Faculty of Computing and Informatics, Multimedia University, Cyberjaya, Malaysia.
Big Data. 2020 Dec;8(6):519-527. doi: 10.1089/big.2020.0028.
Recommending a retail business given a particular location of interest is nontrivial. Such a recommendation process requires careful study of demographics, trade area characteristics, sales performance, traffic, and environmental features. It is not only human effort taxing but often introduces inconsistency due to subjectivity in expert opinions. The process becomes more challenging when no sales data can be used to make a recommendation. As an attempt to overcome the challenges, this study used the machine learning approach that utilizes similarity measures to perform the recommendation. However, two challenges required careful attention when using the machine learning approach: (1) how to prepare a feature set that can commonly represent different types of retail business and (2) which similarity measure approach produces optimal recommendation accuracy? The data sets used in this study consist of points of interest, population, property, job type, and education level. Empirical studies were conducted to investigate (1) the overall accuracy of proposed similarity measure approaches to the retail business recommendation, and (2) whether the proposed approaches have a bias toward certain retail categories. In summary, the findings suggested that the proposed similarity-based techniques elicited an accuracy of above 70% and demonstrated higher accuracy when the recommendation was made within a set of similar retail businesses.

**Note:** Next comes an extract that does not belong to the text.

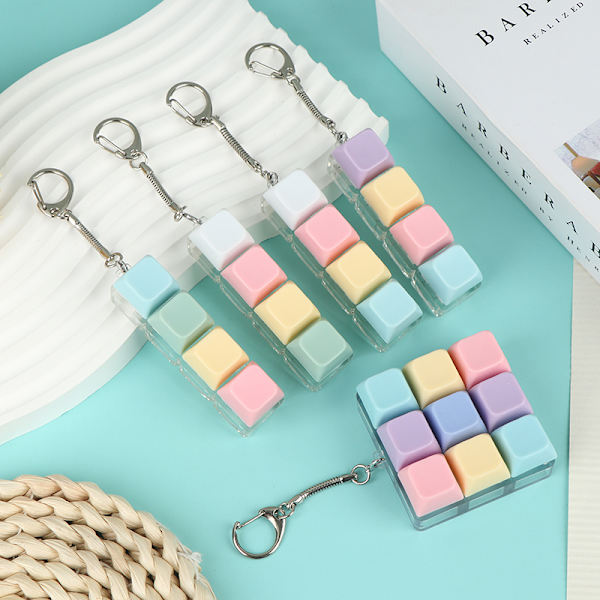 aron Color Keyboard Key Toy DIY Button Keycap Sensory Keychain E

给定一个特定的感兴趣的位置,推荐一个零售业务并不简单。这种推荐过程需要仔细研究人口统计数据、商圈特征、销售业绩、流量和环境特征。这不仅需要耗费大量的人力,而且由于专家意见的主观性,往往会导致不一致。当无法使用销售数据来进行推荐时,这个过程就变得更加具有挑战性。作为克服这些挑战的一种尝试,本研究使用了机器学习方法,该方法利用相似度度量来进行推荐。然而,在使用机器学习方法时,有两个挑战需要特别注意:(1)如何准备一个特征集,该特征集可以普遍代表不同类型的零售业务;(2)哪种相似度度量方法可以产生最佳的推荐准确性?本研究使用的数据集包括兴趣点、人口、房地产、工作类型和教育水平。进行了实证研究,以调查(1)提出的相似性度量方法对零售业务推荐的总体准确性;(2)所提出的方法是否对某些零售类别存在偏见。总之,研究结果表明,所提出的基于相似度的技术可以产生高于 70%的准确性,并且在推荐类似的一组零售业务时,准确性更高。